David Lidington (Shadow Minister, Foreign Affairs; Aylesbury, Conservative)
No, I am not going to give way.
The Minister in his comments today and the Foreign Secretary earlier this week talked about the welcome commitment on aid that the Government are giving to the people of Gaza. I would be grateful if the Minister replying to this debate could say something about the Government's estimate of whether the attack on the UN headquarters today is likely to cause serious disruption to the distribution of essential United Nations aid.

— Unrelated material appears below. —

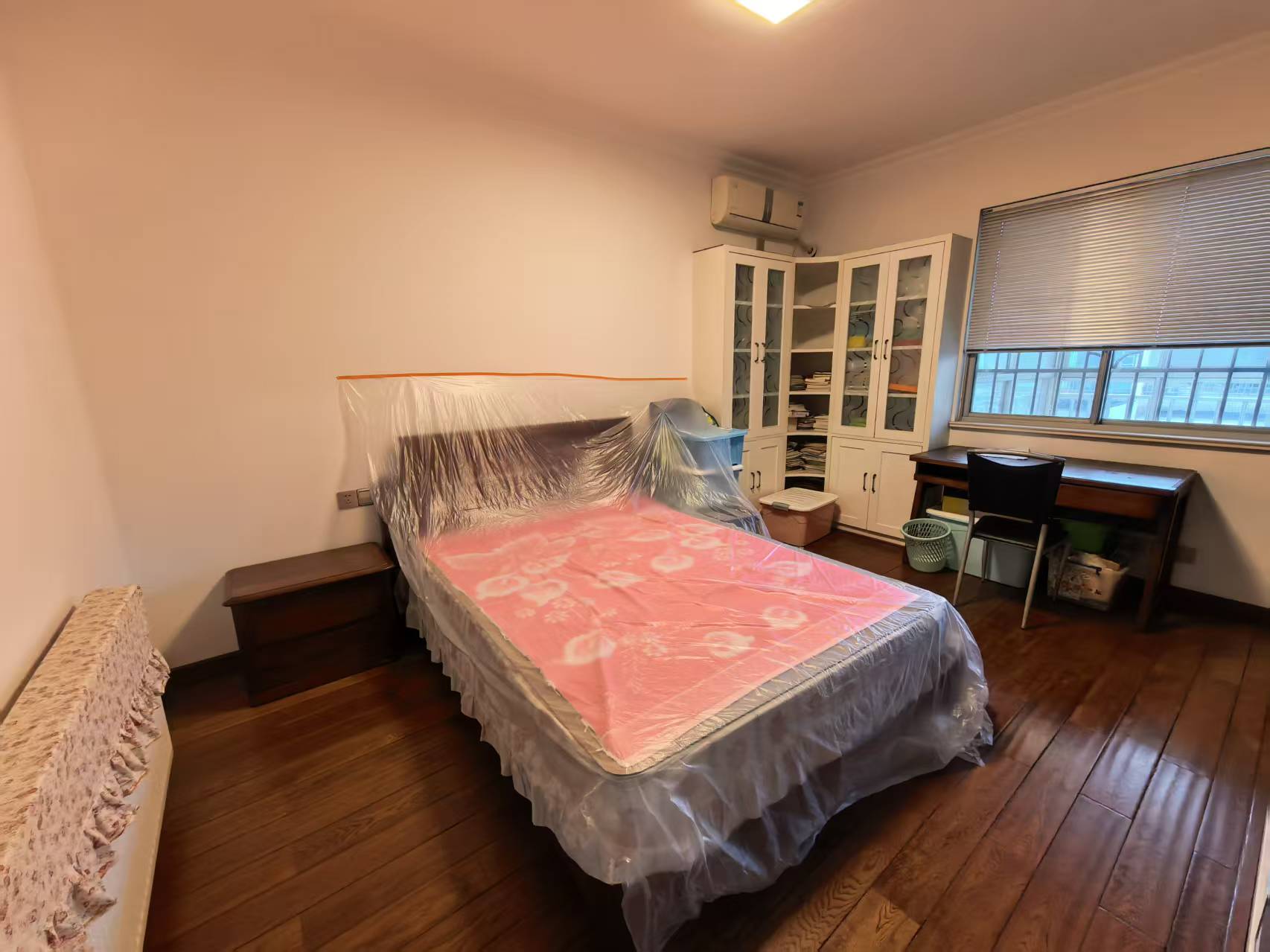 利江畅园 5室2厅3卫 82.0万 利江畅园 5室2厅3卫 82.0万室内图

I would also be grateful if they can say what help the Government are now providing, either bilaterally or through multilateral institutions, to offer immediate relief to suffering civilians and how far the Government's plans have now advanced to contribute to the large-scale relief work and longer-term reconstruction work that will be essential if, once a ceasefire is achieved, we can start to recreate anything resembling a normal life and hopes for a better future for the people of the Gaza strip.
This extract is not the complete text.